What really happened to Johnny Manziel at the Manning Passing Academy the summer after the former Texas A&M quarterback won the Heisman Trophy and had become a media sensation? We all know he was asked to leave the event, still to this day an unheard of situation, but according to the former Aggie, one of his biggest SEC rivals may have sabotaged him at the event.

On the latest edition of Manziel’s Barstool Sports Comeback Season podcast, hosted by Manziel, Kayce Smith and Erik Burkhardt, the Heisman Trophy winner explained his side of the story from one of the most infamous offseason events in recent SEC history.

According to Manziel, former Alabama quarterback A.J. McCarron played a role in getting him kicked out of the camp. A move Manziel refers to as “a bunch of bullshit” on the podcast.

Manziel claims McCarron was his roommate for the event, which factors into the drama. On the podcast, Manziel claimed he jokingly referenced renting a party bus to take the camp counselors (which were fellow college quarterbacks at the Manning Passing Academy camp) to New Orleans and believes a camp counselor overhead that and took him seriously.

Manziel then recalls his return to the camp that evening after a night out at a nearby bar.

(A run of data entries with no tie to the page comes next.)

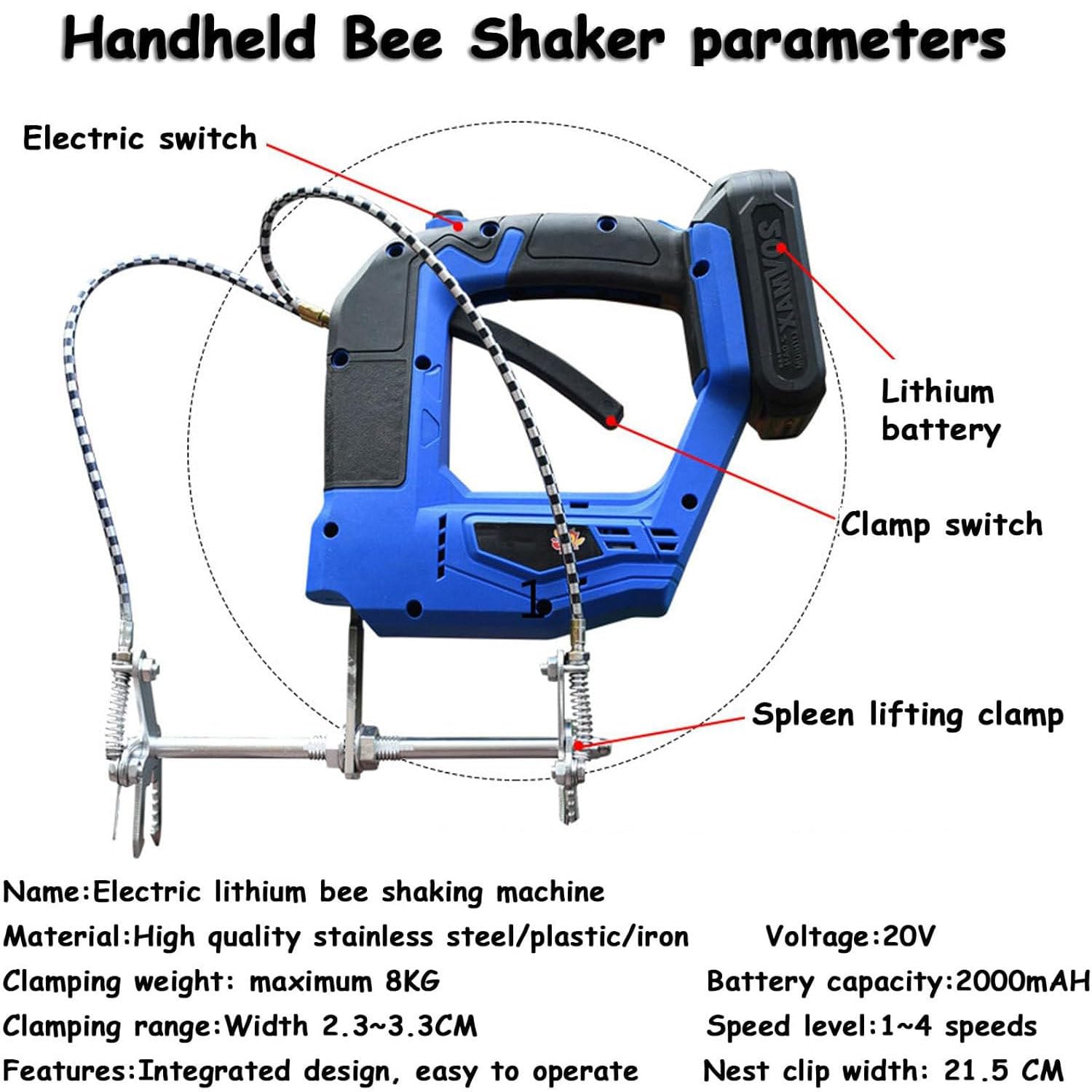 Amazon.com: LSHFYV Bee Shaker Machine, Electric Beehive Frame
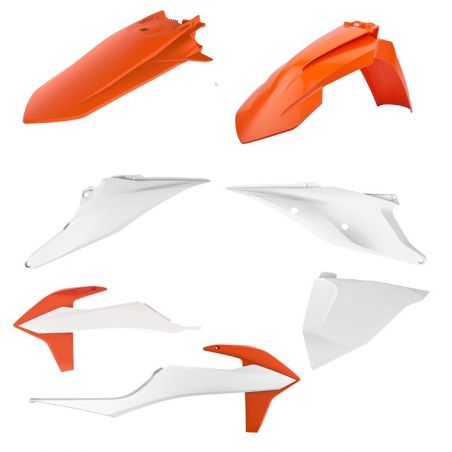 Kit plastiche replica KTM 125 SX 2019-2022 Arancione 16/Bianco 20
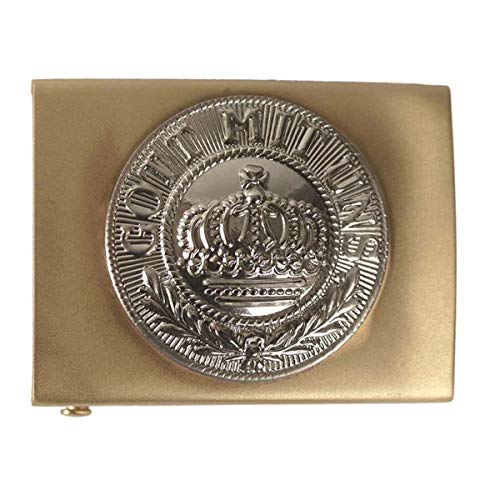 Koppel-Schloss mit Schriftzug \" GOTT MIT UNS \" (Repro) Preussen/Messing Koppel-Schloss mit Schriftzug \" GOTT MIT UNS \" (Repro) Preussen/Messing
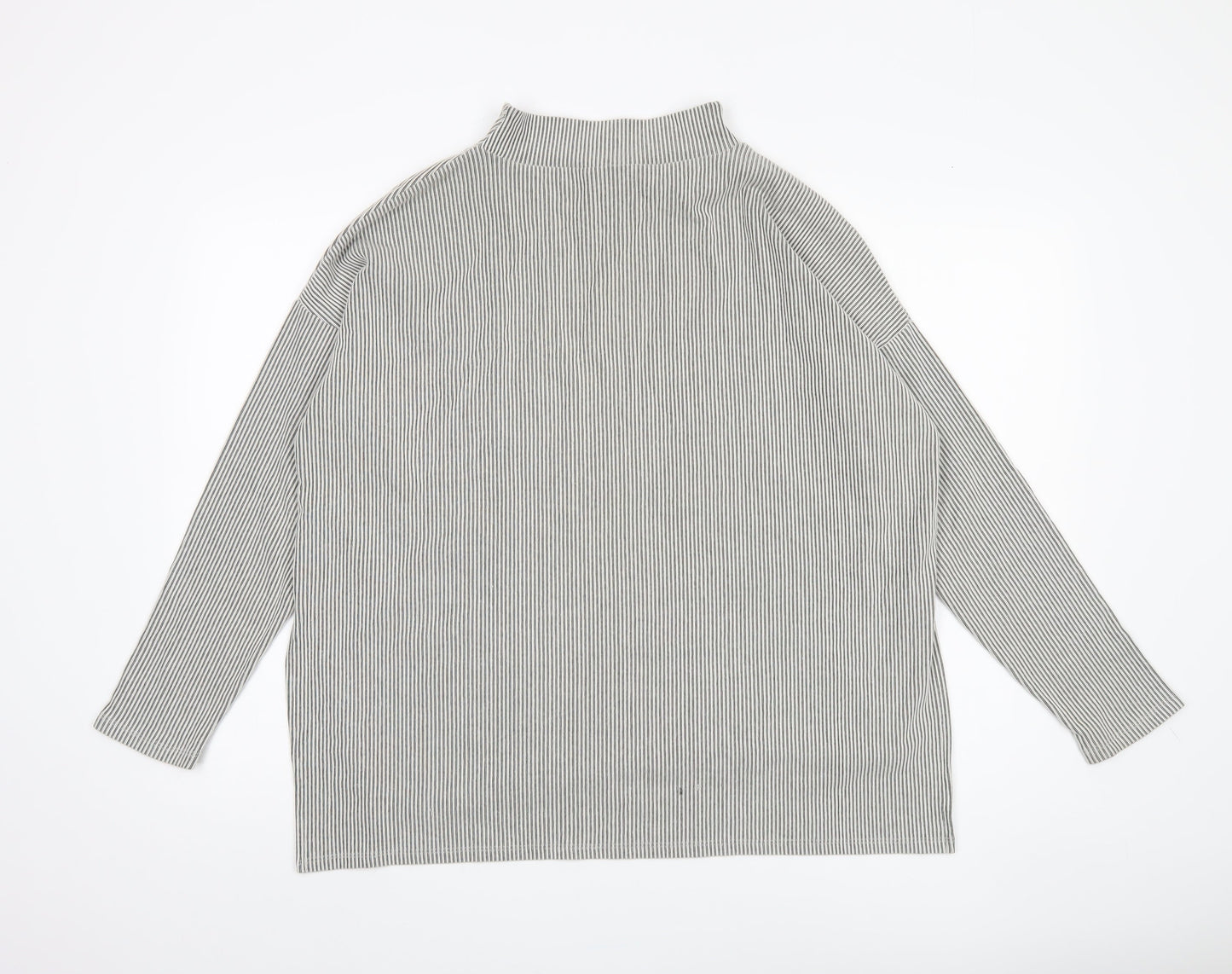 Womens UK Size S French Connection Grey Basic Blouse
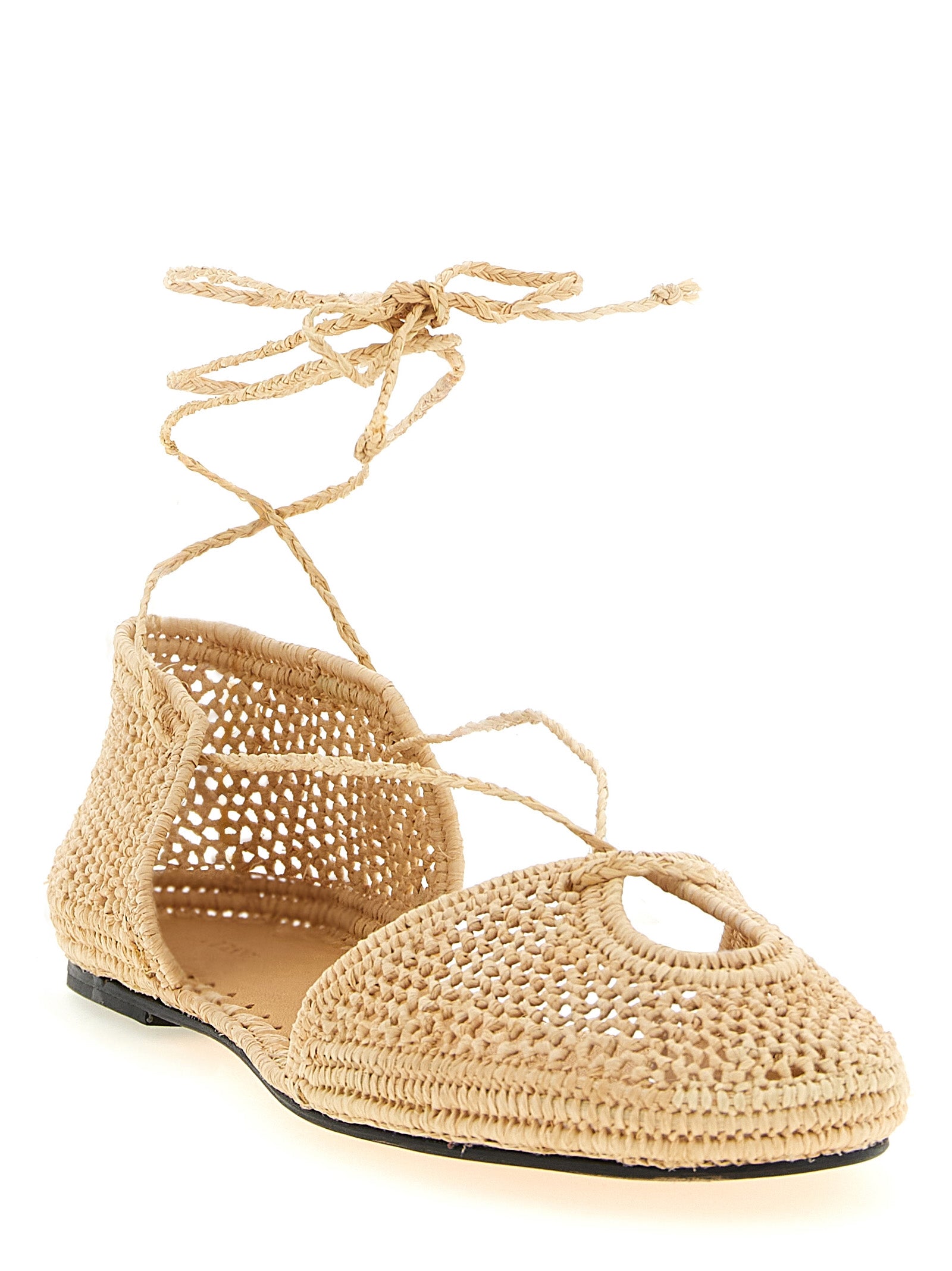 ODISSI Beige Viskose Ballerinas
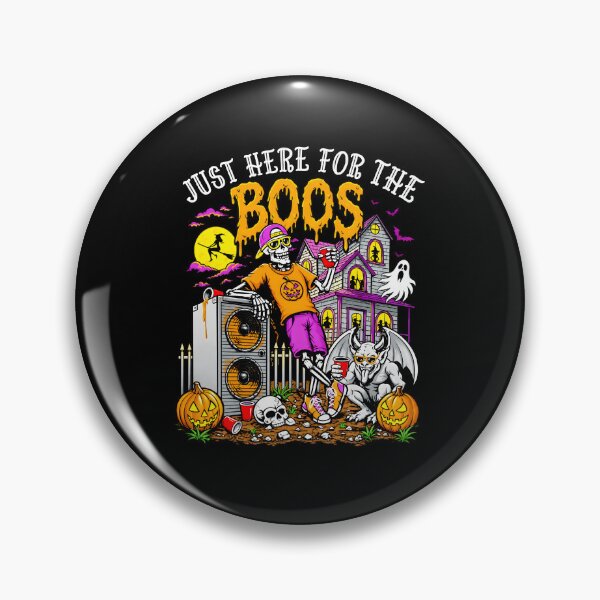 Item preview,  Just Here For The Boos Halloween Skeleton Cat Haunted House designed and sold by markbauch.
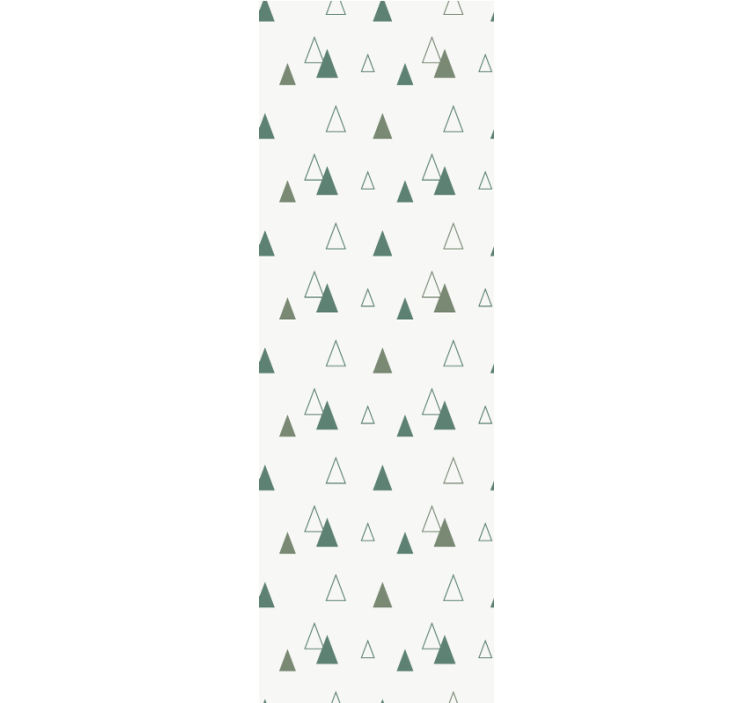 Office roller blind in triangular nature colors - TenStickers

“We get back around 1 or 2 in the morning, I remember it’s me and… Bo Wallace. Me and Bo Wallace, we head back to the dorms around 1:30 or 2 in the morning,” Manziel says. “We have that 8 o’clock day the next morning, so we are obviously out a little late, right? I get back to the room and A.J.’s not there. So I’m like, that’s weird. Who knows, maybe he’s at the bar, whatever he’s doing, whatever.

“I wake up the next day, reach over to grab my phone – my charger had come out of the wall, my phone had died. So I wake up in a panic, A.J.’s not there.”

Manziel then claims he got dressed, ran across campus and tried to explain what happened to camp organizers and apologize. He says his mom showed up soon after and he was informed that he was being sent home from the camp.

Manziel then says the camp director informs him that there are reports of Manziel being in New Orleans the night before, on Bourbon Street.

“I’m like, ‘This is absolutely insane. What are you talking about? Of course I was not (on Bourbon Street).’ What I was told was, A.J. essentially went and told them the next day that he was in the room, that everything was good, that he didn’t see me and that I never came back to the room that night and they had people come to the room,” Manziel continued.

“I absolutely, 100 million percent stayed in that dorm room that night — and got kicked out of the camp for what was oversleeping when there were people saying I’m in Bourbon Street.”

“The real people that were there, A.J. being one of them, knows exactly what happened.”

Manziel said the fallout from that incident followed him for the rest of his career, including immediately after at SEC Media Days and the following summer as he prepped for the 2014 NFL Draft.

“One of the hardest things was going to SEC Media Days after that whole fiasco that wasn’t really what it was,” Manziel said. “It was a hard thing to live down, even going into NFL meetings. That was one of the biggest mishaps that I ever had to deal with… I will always forever have a weird feeling about that.

“A lot of regret for how it went because I overslept sure, I take full responsibility for missing a meeting. Extracurriculars of what I was told I was doing was absolutely not the case and maybe it was a couple other people that were there, I won’t confirm or deny anything like that but just know the quarterbacks from the 2012, 2013 year from the SEC and around college football know the deal and I still feel a little, some kinda way about that maybe.”

If McCarron really did sabotage Manziel at the camp, he helped bring a media storm around the Texas A&M program that dwarfed the attention the defending national champions received that offseason. A genius move honestly if that’s what actually happened.

It will be interesting to see if any other quarterbacks come forward to back up or deny Manziel’s recollection of the events from the infamous Manning Passing Academy.